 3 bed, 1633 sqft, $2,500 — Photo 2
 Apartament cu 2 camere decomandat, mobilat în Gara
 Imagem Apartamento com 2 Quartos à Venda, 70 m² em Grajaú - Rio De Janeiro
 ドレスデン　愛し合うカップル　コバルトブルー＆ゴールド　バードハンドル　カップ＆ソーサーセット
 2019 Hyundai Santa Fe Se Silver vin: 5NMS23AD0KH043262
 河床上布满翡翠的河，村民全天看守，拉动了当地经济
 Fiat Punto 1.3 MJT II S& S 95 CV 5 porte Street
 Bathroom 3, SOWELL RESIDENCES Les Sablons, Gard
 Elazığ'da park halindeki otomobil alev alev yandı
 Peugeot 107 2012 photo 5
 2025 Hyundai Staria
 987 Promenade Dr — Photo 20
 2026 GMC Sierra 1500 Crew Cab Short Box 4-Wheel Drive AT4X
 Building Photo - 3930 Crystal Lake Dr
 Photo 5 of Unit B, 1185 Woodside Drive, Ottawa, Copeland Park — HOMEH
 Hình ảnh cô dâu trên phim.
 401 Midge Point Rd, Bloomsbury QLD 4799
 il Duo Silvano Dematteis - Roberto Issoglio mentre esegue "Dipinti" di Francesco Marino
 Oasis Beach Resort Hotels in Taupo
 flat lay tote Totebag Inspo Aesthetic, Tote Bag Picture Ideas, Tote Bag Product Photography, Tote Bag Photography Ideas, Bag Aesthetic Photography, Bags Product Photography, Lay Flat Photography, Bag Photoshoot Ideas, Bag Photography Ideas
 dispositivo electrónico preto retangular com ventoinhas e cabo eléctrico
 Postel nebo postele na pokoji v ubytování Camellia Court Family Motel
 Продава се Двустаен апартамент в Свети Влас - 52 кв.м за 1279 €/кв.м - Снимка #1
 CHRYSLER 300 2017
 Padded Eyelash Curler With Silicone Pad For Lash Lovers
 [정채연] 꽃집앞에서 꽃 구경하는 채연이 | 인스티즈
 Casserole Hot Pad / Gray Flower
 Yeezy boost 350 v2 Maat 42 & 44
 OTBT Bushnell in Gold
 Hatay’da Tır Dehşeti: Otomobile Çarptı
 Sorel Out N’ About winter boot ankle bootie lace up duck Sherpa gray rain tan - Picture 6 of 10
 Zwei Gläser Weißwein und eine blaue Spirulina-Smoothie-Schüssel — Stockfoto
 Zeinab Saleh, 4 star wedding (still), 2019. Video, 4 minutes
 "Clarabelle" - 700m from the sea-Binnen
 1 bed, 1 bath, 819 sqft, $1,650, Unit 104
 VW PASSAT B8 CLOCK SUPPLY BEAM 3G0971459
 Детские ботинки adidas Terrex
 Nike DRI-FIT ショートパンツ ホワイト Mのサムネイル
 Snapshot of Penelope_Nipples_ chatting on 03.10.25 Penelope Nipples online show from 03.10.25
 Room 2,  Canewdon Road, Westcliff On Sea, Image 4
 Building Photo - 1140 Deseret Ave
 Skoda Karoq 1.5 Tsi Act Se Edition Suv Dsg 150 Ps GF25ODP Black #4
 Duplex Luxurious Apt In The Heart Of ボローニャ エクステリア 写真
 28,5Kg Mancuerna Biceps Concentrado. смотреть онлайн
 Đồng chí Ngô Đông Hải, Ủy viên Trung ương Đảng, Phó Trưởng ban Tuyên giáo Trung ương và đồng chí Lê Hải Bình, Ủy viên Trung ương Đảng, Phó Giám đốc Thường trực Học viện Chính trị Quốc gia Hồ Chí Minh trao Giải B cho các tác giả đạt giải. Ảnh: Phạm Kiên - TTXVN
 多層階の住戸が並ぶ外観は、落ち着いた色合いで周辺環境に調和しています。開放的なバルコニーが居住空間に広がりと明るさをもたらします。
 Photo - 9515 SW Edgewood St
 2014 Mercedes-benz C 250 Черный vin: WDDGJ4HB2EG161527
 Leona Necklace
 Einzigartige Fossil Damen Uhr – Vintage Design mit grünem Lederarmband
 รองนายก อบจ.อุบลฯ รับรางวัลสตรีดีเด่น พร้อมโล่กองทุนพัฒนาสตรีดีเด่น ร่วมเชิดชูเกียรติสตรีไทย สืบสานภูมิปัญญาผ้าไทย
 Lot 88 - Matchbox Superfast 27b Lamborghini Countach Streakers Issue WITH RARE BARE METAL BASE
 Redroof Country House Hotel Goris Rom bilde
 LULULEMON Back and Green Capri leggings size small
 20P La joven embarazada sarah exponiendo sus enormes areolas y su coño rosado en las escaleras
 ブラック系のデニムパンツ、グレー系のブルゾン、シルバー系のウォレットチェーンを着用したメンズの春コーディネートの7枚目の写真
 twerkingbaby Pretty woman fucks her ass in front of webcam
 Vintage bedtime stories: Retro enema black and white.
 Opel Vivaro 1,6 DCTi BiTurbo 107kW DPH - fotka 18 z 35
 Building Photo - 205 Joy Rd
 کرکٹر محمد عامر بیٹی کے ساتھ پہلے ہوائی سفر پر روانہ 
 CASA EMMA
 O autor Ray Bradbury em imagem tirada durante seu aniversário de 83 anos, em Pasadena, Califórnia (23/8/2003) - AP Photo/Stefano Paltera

• Task goal: Look above for the line with "[정채연] 꽃집앞에서 꽃 구경하는 채연이 | 인스티즈" and the line with "Sorel Out N’". Retype those two lines and every line between them exactly, adding nothing.

• Exercise solution:
 [정채연] 꽃집앞에서 꽃 구경하는 채연이 | 인스티즈
 Casserole Hot Pad / Gray Flower
 Yeezy boost 350 v2 Maat 42 & 44
 OTBT Bushnell in Gold
 Hatay’da Tır Dehşeti: Otomobile Çarptı
 Sorel Out N’ About winter boot ankle bootie lace up duck Sherpa gray rain tan - Picture 6 of 10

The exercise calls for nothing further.